Assignment - Could you restate word for word every line of the records below, from the first one to the one holding "Bronze Stardust Embellished Lehenga AC18"?

[Opening Material shown section]

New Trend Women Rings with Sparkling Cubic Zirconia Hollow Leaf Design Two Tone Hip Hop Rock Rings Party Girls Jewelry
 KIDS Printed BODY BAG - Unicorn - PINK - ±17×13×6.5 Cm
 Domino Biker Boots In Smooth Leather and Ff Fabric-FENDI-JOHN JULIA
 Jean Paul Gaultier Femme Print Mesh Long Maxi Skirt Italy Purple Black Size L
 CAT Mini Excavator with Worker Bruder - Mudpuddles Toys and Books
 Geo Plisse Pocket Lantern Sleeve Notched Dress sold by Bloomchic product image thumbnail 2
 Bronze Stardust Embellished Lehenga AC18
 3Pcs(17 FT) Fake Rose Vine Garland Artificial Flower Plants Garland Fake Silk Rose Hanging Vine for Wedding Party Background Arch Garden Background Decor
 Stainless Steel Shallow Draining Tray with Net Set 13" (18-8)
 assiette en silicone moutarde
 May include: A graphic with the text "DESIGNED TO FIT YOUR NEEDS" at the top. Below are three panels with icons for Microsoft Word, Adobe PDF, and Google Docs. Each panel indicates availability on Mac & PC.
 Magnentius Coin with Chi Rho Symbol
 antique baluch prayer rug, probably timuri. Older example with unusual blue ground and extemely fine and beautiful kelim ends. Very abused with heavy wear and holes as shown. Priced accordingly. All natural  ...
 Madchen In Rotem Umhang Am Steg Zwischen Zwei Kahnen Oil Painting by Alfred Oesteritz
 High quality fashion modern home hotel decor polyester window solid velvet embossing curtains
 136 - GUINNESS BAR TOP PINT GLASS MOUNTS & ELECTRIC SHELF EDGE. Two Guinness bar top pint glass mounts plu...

[Closing Material shown section]

Task solution -
New Trend Women Rings with Sparkling Cubic Zirconia Hollow Leaf Design Two Tone Hip Hop Rock Rings Party Girls Jewelry
 KIDS Printed BODY BAG - Unicorn - PINK - ±17×13×6.5 Cm
 Domino Biker Boots In Smooth Leather and Ff Fabric-FENDI-JOHN JULIA
 Jean Paul Gaultier Femme Print Mesh Long Maxi Skirt Italy Purple Black Size L
 CAT Mini Excavator with Worker Bruder - Mudpuddles Toys and Books
 Geo Plisse Pocket Lantern Sleeve Notched Dress sold by Bloomchic product image thumbnail 2
 Bronze Stardust Embellished Lehenga AC18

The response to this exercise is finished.